INPUT DATA
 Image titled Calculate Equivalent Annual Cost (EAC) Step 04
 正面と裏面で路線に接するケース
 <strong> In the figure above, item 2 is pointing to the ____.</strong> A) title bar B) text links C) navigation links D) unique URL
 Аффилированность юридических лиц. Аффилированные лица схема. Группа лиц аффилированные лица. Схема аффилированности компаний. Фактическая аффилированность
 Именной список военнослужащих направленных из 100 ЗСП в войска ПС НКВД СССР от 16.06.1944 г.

PROBLEM REQUIREMENTS
Repeat every entry word for word.

WRITTEN ANSWER
 Image titled Calculate Equivalent Annual Cost (EAC) Step 04
 正面と裏面で路線に接するケース
 <strong> In the figure above, item 2 is pointing to the ____.</strong> A) title bar B) text links C) navigation links D) unique URL
 Аффилированность юридических лиц. Аффилированные лица схема. Группа лиц аффилированные лица. Схема аффилированности компаний. Фактическая аффилированность
 Именной список военнослужащих направленных из 100 ЗСП в войска ПС НКВД СССР от 16.06.1944 г.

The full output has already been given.